- _Your objective_
Copy out exactly the lines below that run from the one holding "Quartus, quarta. Fourth." to the one holding "This quality home", keeping both of those lines and no others.

- _Material supplied_
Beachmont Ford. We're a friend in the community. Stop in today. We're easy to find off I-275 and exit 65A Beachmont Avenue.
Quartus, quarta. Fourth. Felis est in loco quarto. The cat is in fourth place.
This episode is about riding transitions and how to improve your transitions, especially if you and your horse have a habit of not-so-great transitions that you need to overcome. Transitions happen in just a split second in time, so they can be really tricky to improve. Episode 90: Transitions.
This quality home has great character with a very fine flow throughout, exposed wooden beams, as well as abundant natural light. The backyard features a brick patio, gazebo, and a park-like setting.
==
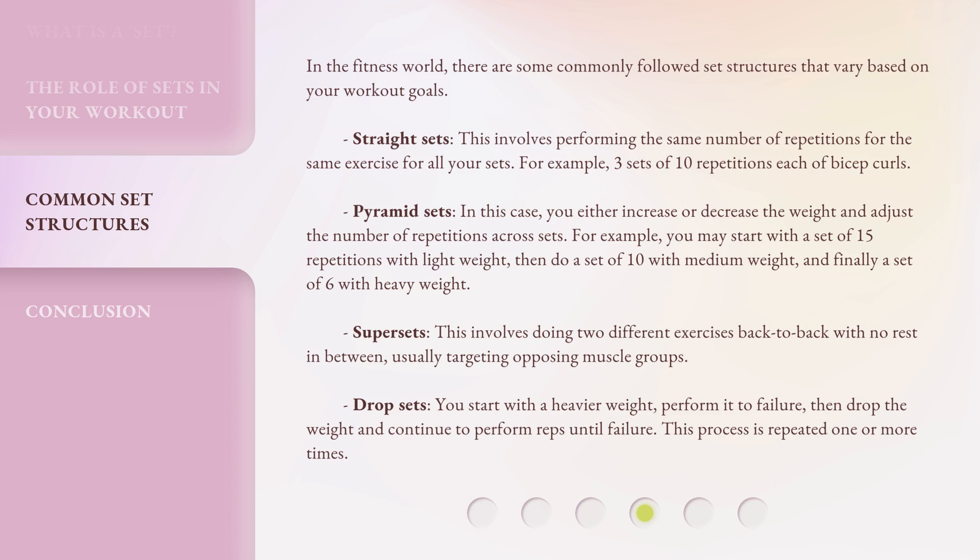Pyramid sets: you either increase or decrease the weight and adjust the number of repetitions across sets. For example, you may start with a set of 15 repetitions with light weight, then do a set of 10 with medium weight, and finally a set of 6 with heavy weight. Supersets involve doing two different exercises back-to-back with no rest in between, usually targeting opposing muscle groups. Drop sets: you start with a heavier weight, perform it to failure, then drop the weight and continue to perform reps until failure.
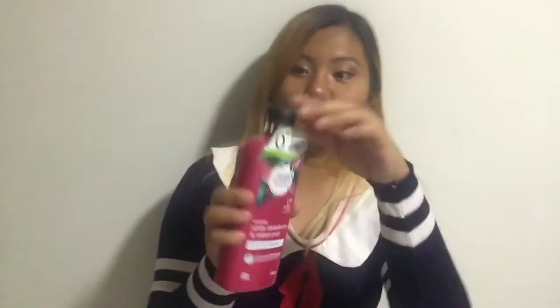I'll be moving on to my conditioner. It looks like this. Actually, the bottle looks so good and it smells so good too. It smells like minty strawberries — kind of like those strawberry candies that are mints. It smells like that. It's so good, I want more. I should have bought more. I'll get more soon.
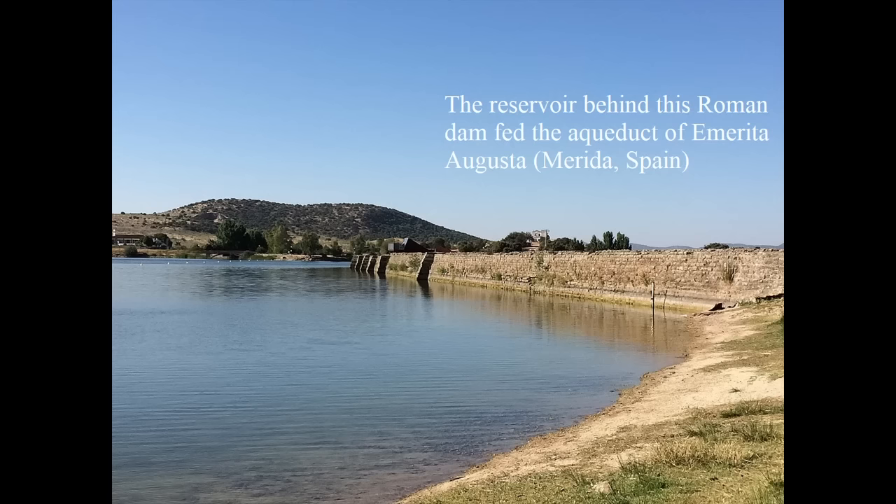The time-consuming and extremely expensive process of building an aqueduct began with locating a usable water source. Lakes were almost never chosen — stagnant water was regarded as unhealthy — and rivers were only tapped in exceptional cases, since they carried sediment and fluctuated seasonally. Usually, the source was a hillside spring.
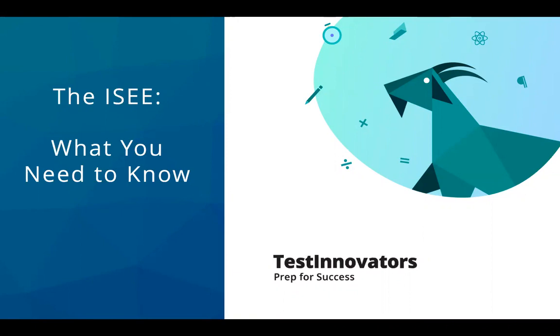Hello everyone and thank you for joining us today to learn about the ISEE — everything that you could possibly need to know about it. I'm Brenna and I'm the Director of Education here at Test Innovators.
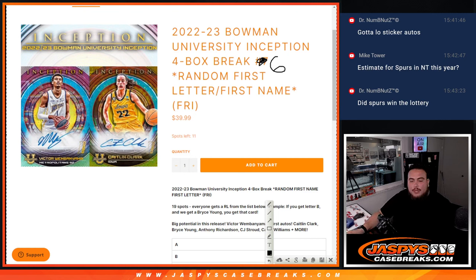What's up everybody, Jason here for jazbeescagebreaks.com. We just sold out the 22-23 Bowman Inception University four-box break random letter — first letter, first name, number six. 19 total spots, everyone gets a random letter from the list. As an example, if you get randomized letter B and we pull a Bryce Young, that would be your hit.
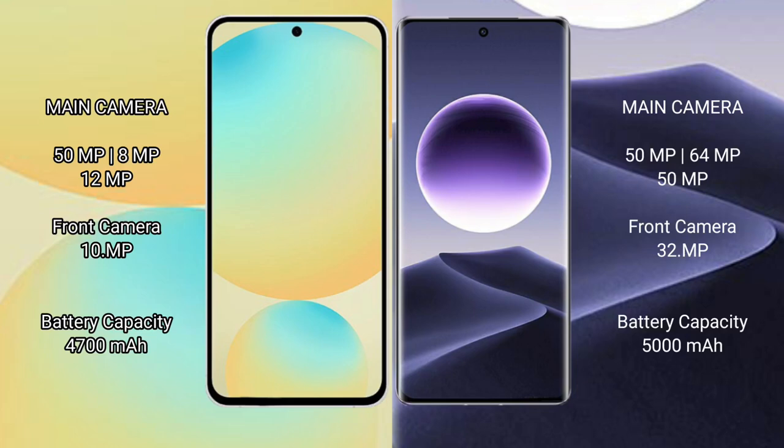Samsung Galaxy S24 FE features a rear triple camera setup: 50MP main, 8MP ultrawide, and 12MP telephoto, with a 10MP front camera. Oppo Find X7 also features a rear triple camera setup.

- _Answer box_
Quartus, quarta. Fourth. Felis est in loco quarto. The cat is in fourth place.
This episode is about riding transitions and how to improve your transitions, especially if you and your horse have a habit of not-so-great transitions that you need to overcome. Transitions happen in just a split second in time, so they can be really tricky to improve. Episode 90: Transitions.
This quality home has great character with a very fine flow throughout, exposed wooden beams, as well as abundant natural light. The backyard features a brick patio, gazebo, and a park-like setting.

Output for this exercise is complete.